一日目~モンゴル到着~
ウランバートルのチンギス・ハーン国際空港には、夜遅くに到着した。
ロビーには案内のプラカードを掲げたガイドさん達が何人も待ち構えていた。きっと、自分と同じような観光客を出迎えに来ているのだろう。
「こんにちは、オーミさんですか?」
流暢な日本語が聞こえてきた。正面から、背の高いイケメン兄ちゃんが近づいてくる。おお、モンゴル美女ではないが、モンゴル兄貴の登場だ。
そのモンゴル兄貴なガイドに案内されるまま、ニッサン製の乗用車に乗りこんだ。
空港を離れた車はいつしか闇の中へと潜りこんでいった。
ウランバートル市内の夜景が、車窓の彼方にチラチラと浮かび上がってきた。
遥か遠くまで広がる暗闇の世界にきらめく生活の灯火。広大な大地に敷きつめられた首都の輝き。空港から続くデコボコ道のかたわらには、灯りをつけてゲルを組み立てる人々の姿が時おり見えた。

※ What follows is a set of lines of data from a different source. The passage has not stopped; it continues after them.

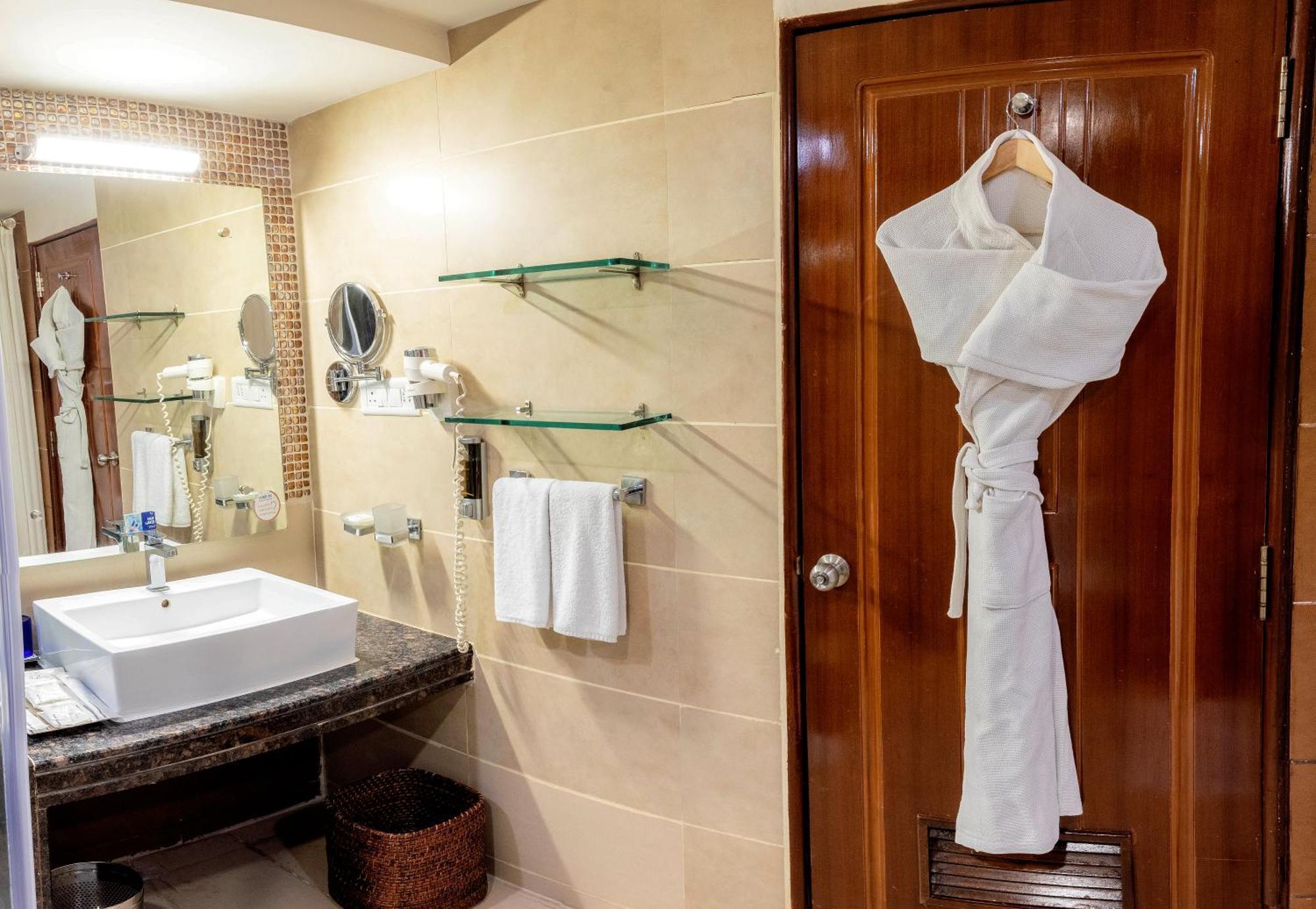 포춘 Jp 팰리스 호텔 마이소르 외부 사진 A bathrobe hanging on a door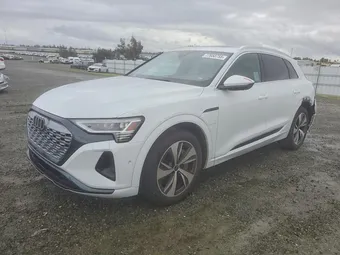 2024 Audi Q8 e-tron WA15AAGE1RB031621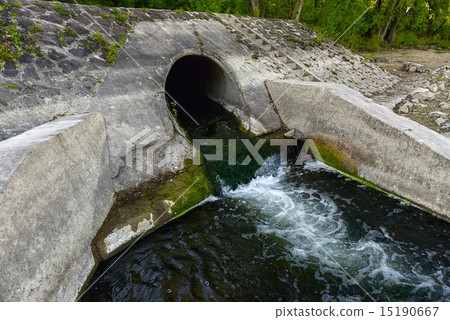 Cooling water flowing into the river 15190667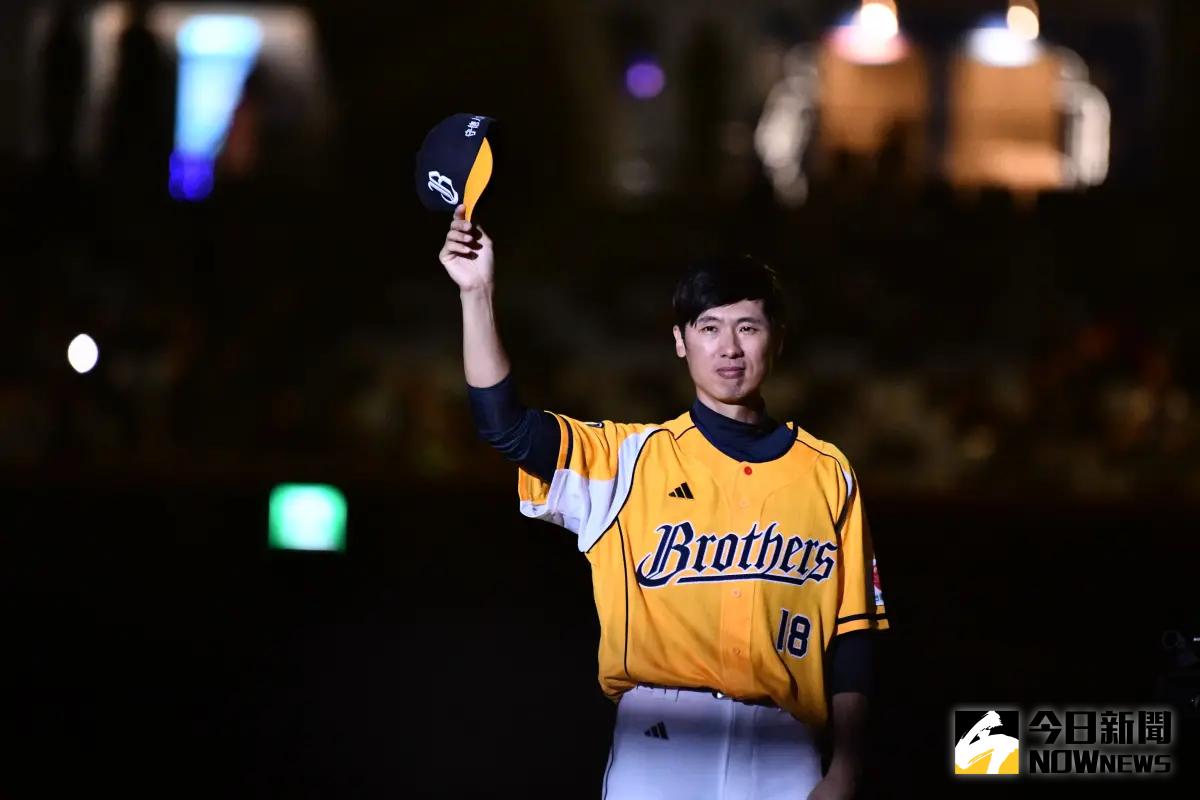 ▲ 官大元宣佈引退！引退儀式淚灑大巨蛋，中信兄弟最後一次登板，和王建民相擁近3秒。（圖／林柏年攝）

遠方に、オレンジ色の塔がそびえ立っている。どうも市街地のど真ん中に建てられているようだ。
「あの塔のようなものはなんですか」
「あれは火力発電所です。昔はウランバートルの市外にあったのですが、町が拡大していくのとともに、都市の中に吸収されてしまったんです。首都のど真ん中に火力発電所が二つもある国なんて、世界中探してもモンゴルぐらいじゃないですかね」
それがただの火力発電所の塔だとしても、私にはまるで幻想世界の建造物のように見えた。それほどに、塔が醸し出す雰囲気は妖艶で、圧倒的な存在感を漂わせていたのだ。
二十分ほどで市街地に入り、工業地帯や国会議事堂前を通り過ぎた後、車は今晩宿泊するホテルに到着した。
私は自分の部屋に入ると、ユニットバスのシャワーで一日の汗を洗い流した。
窓を少し開けて、部屋の灯りを消す。
ホテルの外から、夜の市内で遊んでいる若者たちのはしゃいだ声が聞こえてくる。異国の地でありながら、どこか日本の都会と雰囲気が似ている。
懐かしいような、温かいような。なんとなく、モンゴルが好きになれそうな気がした。
そのうち、長時間のフライト疲れもあって、私は夢の世界に引きずり込まれるように眠りに入っていった。